Question

QUESTION 6

Answer 1

(a) The instant velocity and acceleration at a specific time $t_0$ are given by evaluating the first and second derivatives at $t=t_0$

So, we have

$\begin{cases}x(t)=2t^2+3t-5\\x'(t)=4t+3\\x''(t)=4\end{cases}$

Which implies

$\begin{cases}x'(5)=23\\x''(5)=4\end{cases}$

So, when time is 5 seconds, the object has a velocity of 23 m/s and an acceleration of 4 m/s^2 (which is indeed constant along all motion).
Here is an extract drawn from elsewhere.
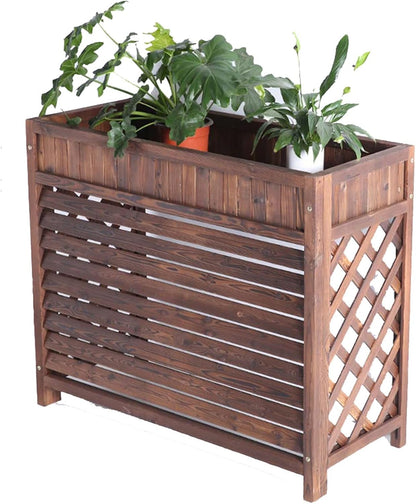  Housse De Protection Pour Climatiseur D'extérieur En Bois Marron, 110 X 50 X 85 Cm, Résistante Aux Intempéries, Support De Plantes De Jardin élégant Et Design élégant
(b) The equation for the displacement is already given: $s=e^{3t}$. So, we simply have to evaluate this function at t=0 to get

$s(0)=e^{3\cdot 0}=e^0=1$

So, the displacement at t=0 is 1 unit along the positive side of the line.

As for the acceleration, applying the derivation formula

$\dfrac{d}{dx} e^{f(x)} = e^{f(x)}\cdot f'(x)$

we have

$s'(t) = 3e^{3t},\quad s''(t) = 3\cdot 3e^{3t}=9e^{3t}$

So, we have

$s(t) = e^{3t},\quad s''(t) =9e^{3t}$

and thus the acceleration is nine times the distance.

(c)

We have to evaluate the integral

$\displaystyle \int_0^T \sin(2x)$

The antiderivative of sin(2x) is -1/2cos(2x), becase we have

$\dfrac{d}{dx} -\dfrac{1}{2}\cos(2x) = \dfrac{1}{2}2\sin(2x)=\sin(2x)$

So, we have

$\displaystyle \int_0^T \sin(2x) = \left[-\dfrac{1}{2}\cos(2x)\right]_0^T = -\dfrac{1}{2}\cos(2T)+\dfrac{1}{2}\cos(0)=\dfrac{1-\cos(2T)}{2}$